The Arab world is suffering a sense of vertigo these days. Extremists from the Islamic State, who have seemingly arisen out of nowhere, have burst through the gates of power. Political elites are confused and frightened. They’re angry at the United States (as always). But at the same time, they want the United States to explain a strategy for combating a group that threatens every structure of stability, including borders.
This anxiety has been compounded by President Obama’s slow start in rolling out his plan to “degrade and ultimately destroy” the Islamic State. It was painful last week to hear Jalal al-Gaood, a tribal leader from the Albu Nimr clan along the Euphrates, tell me how his town was overrun because the United States hadn’t devised a plan to resupply tribal allies.

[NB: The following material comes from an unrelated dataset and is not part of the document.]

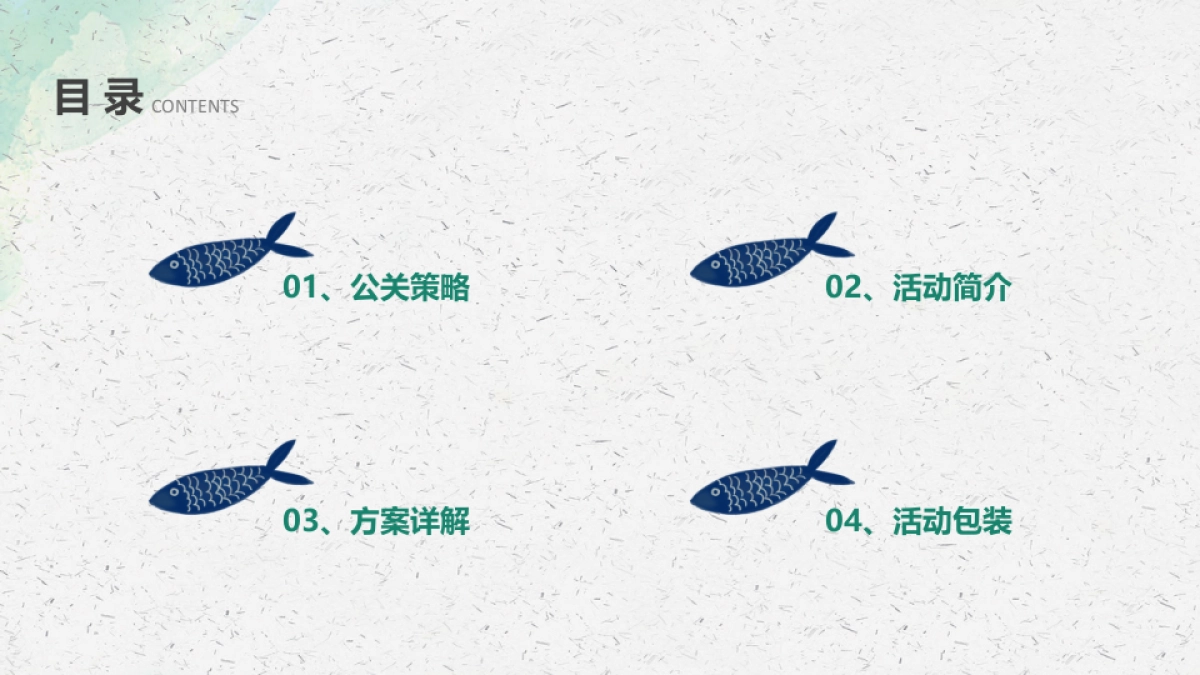 2019商业广场五·一（七彩童玩节主题）活动策划方案-44P_第2页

Since returning home, I’ve heard U.S. officials describe more details of their plans. The strategy has a lot of “ifs” and “maybes,” and it’s definitely a “work in progress,” as one U.S. official frankly admits. Among other drawbacks, it requires patience, in short supply in America and the Middle East; and it’s much clearer about Iraq than Syria. But the campaign plans do provide more clarity and allow for some needed public discussion.

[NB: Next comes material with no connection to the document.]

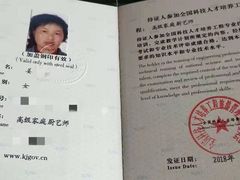-优护优家Ucare月嫂育儿嫂陪伴师(静安店)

For starters, this is an army at dawn, and U.S. commanders insist on taking little steps before big ones. The United States has posted a string of small successes, with air power backing Iraqi and Kurdish forces that liberated the Mosul and Haditha dams, freed trapped Yazidis on Mount Sinjar and successfully defended Irbil and Amerli.
Big, risky operations such as retaking the city of Mosul are many months away. But the ops tempo increased modestly this week as Iraqi security forces pushed to regain control of the strategic Baiji refinery and Kurdish forces attacked jihadists in Zumar in northern Iraq. Commanders believe that as U.S.-backed forces take the offensive, the extremists will face tough choices: They can fight, risking heavy casualties, retreat, or hunker down. All three slow their momentum.
U.S. commanders know they must act quickly to gain credibility with Sunnis, especially after Albu Nimr and other tribal strongholds in Anbar province fell recently. These areas were sacrificed because U.S. military leaders believed it was unwise to mount ad hoc operations to free small, stranded pockets. U.S. air power could have been used but the risk of collateral damage was judged too high.
The centerpiece of the Sunni outreach is a force of 5,000 “national guard” fighters, drawn from the tribes. Their development is seen as very urgent, and within the next two weeks commanders hope to begin recruiting, paying and training the Sunni fighters. Hundreds of U.S. and foreign trainers are supposed to be on scene by year-end. To help woo the Sunnis, a senior member of the Shiite-led government is supposed to meet 70 tribal leaders this week. U.S. officials think about half these tribes are ready to break with the Islamic State.
U.S. officials would also like to bring Jabr al-Jibouri, a prominent tribal leader, into the government, perhaps as head of the national guard or as a national security adviser. His brother told me last week in Amman that such a move would pull some tribal fighters away from the Islamic State.
Military commanders are always looking for signs of progress, and they claim to see some enemy weaknesses emerging, even as the extremists continue to gain ground: Intelligence reports say there are tensions within the Islamic State, between Iraqis and foreign fighters. In Mosul, these fissures led to their segregation in different buildings. The Islamic State has also been forced to change tactics — seeking shelter in urban areas and avoiding mass movements or overt displays, such as flags or caravans.
When the jihadists stand and fight, as they have done in the northern Syrian town of Kobane, they get pounded. U.S. officials estimate the jihadists have lost 400 fighters in that battle. U.S. airstrikes have also hammered their infrastructure in Iraq and Syria, including oil wells and supply depots.
There is some solid military planning in the U.S. strategy but it also includes some wishful thinking. The most dubious assumption is that Iraqi and Syrian recruits can win this fight against the extremists without U.S. advisers alongside them in battle.